The funny business of change

     I've been freelancing and when I'm not freelancing I'm networking and trying to meet nice, smart people. To confess, the next stage of my career isn't all worked out yet, so I want to learn all I can; I want to gain some perspective; I want to see how other people are doing it. But, my god, it takes work. Before you can have a regular conversation, everyone wants to complain. I don't know if I'd call it cathartic, because when it's time to move on, there's no indication that anyone feels any better than Steven Wright on a rainy day; and, if it were not for an inner sense of timing to send us back to work, I get the feeling it would go on for hours.
     What do we complain about? We complain how the industry sucks, and generally, we get right to the point.

     ME: Hi.
     AD PERSON: The industry sucks, doesn't it.

And just try to start the conversation off on a different note.

     ME: Hey, what about those Yankees? Shame about Jeter, huh?
     AD PERSON: See that, every industry sucks.

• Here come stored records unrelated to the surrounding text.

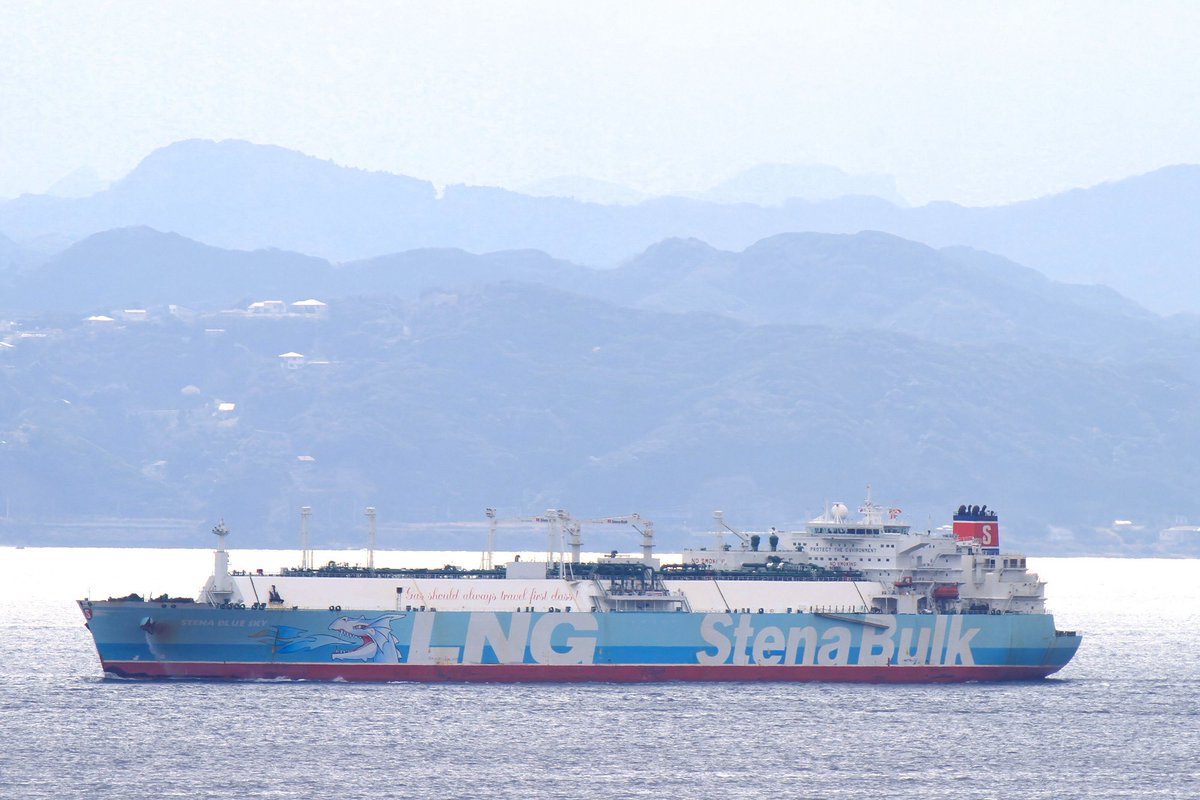 doll128atis's tweet photo. Stena Bulk「STENA BLUE SKY」

2006年6月 韓国・DAEWOO SHIPBUILDING &amp; MARINE ENGINEERING

スウェーデン Stena BulkのLNG船
ドラゴンのイラストや側面ロゴも良いっすね～
2016年頃にスカイブルーから黒っぽい色に変更
2024年に売船されたようです

2016年3月 観音崎 https://t.co/ggjiw9yAx7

     So far I've concluded there's not a single person in the industry that doesn't believe it sucks. Even the maintenance people believe it sucks, but they're not complaining, because if it didn't suck they wouldn't have the high turnover rate of workstations to keep them busy. From what I hear, here's what sucking:

     -Advertising is not what it used to be.
     -Holding companies don't work.
     -Holding companies are run by bean counters.              
     -Holding companies promote account people who don't know how to work with creative directors.
     -Holding companies are the root of all evil.
     -Creative directors are expendable and everyone knows it.
     -It's all about speed over quality.
     -Technology has everyone's head spinning.
     -There are no leaders.
     -Clients don't know how to be partners.
     -The pitch process isn't about finding a good partner; it's about finding the next campaign.
     -The smart ones lost sight of the fundamentals.
     -The dumb ones still don't know the fundamentals.
     -The kids coming out of ad schools don't know the fundamentals and yet know everything.
     -There isn't enough art.

     I could easily go on, but what's the point. We all know there's a lot to grouse about. And believe me, I don't let all these people grouse alone.
     Which brings me to today. Just this morning, I was returning a book to it's place on the shelf – Louise Gluck, Poems 1962-2012 – and I decided to read a poem first – just one poem, any poem. I flipped through some pages and stopped. I could have been presented with page 452, but I got page 361 and these 3 lines:

     "The master said You must write what you see.
     But what I see does not move me.
     The master answered Change what you see."

I quickly set the book on the shelf. Fine, maybe I should shut up and do something about it.